Books like Tunnels, Skulduggery Pleasant, City of Bones, even Philip Reeve's Mortal Engines Quartet, are however another matter.

Mary
 
Urban dystopian steampunk ... I've known what that meant but never particularly applied it to the book I'd been reading until this thread. I do know that this particular type of book appeals to me a great deal and I've always liked young adult fiction.

Most of the young adult books I've been reading recently do seem to fit into this category, the latest being China Mieville's Un Lun Dun.

There's also Neil Gaiman's Mirrormask. I know that's technically not a book since it started out as a movie. But it has since been turned into a graphic novel.

I think Jeanette Winterson's Tanglewreck would fit in this category as well along with John Connolly's Book Of Lost Things and Celia Rees' Pirates. There's also Chris Wooding's Poison and Storm Thief.

And there are the ones already mentioned here. Perhaps there are more of them being written now.

But then almost all of us posting here are adults and maybe these books appeal to us and we've been picking them up.
 
I agree with Mary about Pirates.
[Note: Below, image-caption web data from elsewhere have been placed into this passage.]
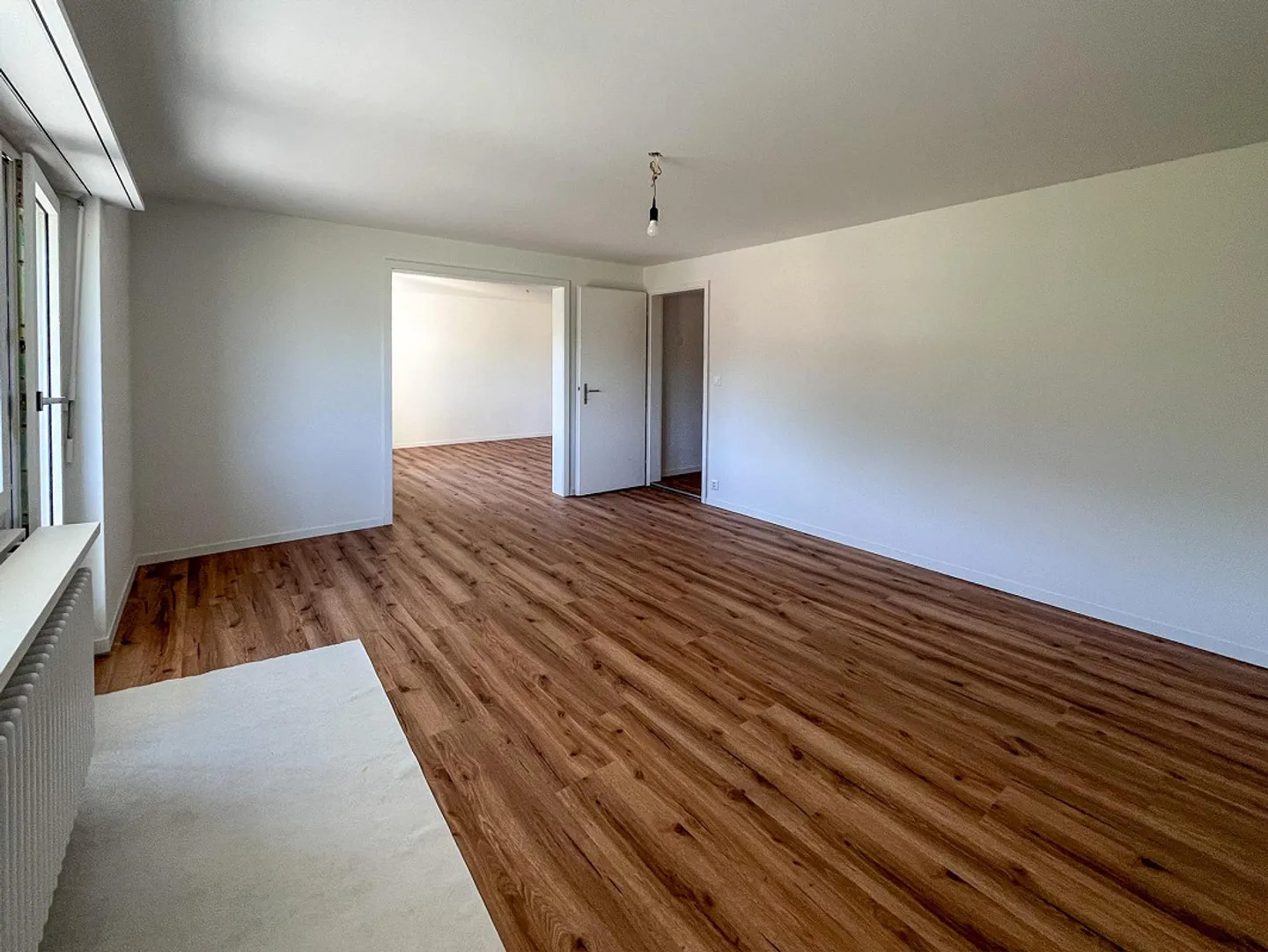 Charmante Wohnung mit Seesicht - Foto 3 von 10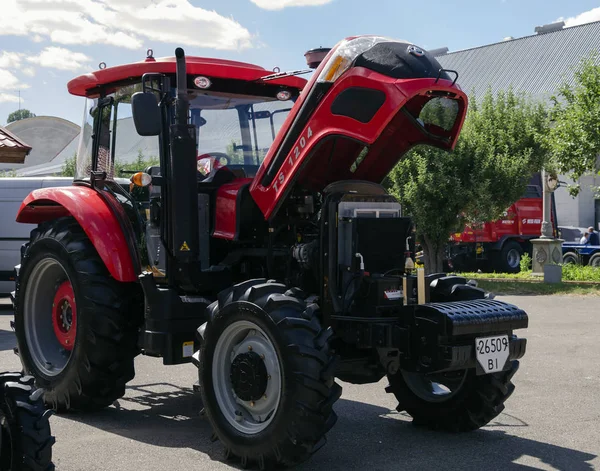 Kiev, Ukrayna 7 Haziran 2018, traktör Ulusal kompleksi 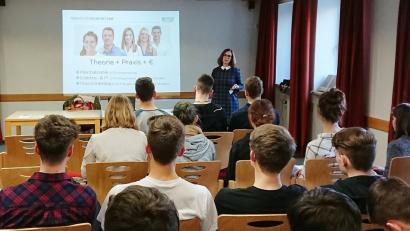 Bild: exb
Mit großem Interesse verfolgten die Schüler des Gymnasiums die Vorträge zur Berufsorientierung.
But Poison and Storm Thief definitely fit the trend, as I see it.

As for Stravaganza, I had only read the first book when I started this thread. The city struck me as dystopian, and there were elements that fell within my own (rather broad) definition of Steampunk, which can embrace the Baroque as well as the Victorian.

But the Steampunk border is fluid. My own Goblin Moon seems to float from one side of that border to the other, depending on who is defining the term, and it seems to me that Stravaganza occupies that same amorphous territory.

If others disagree, that's good, because that starts a discussion, and we get to talk about Mary's books.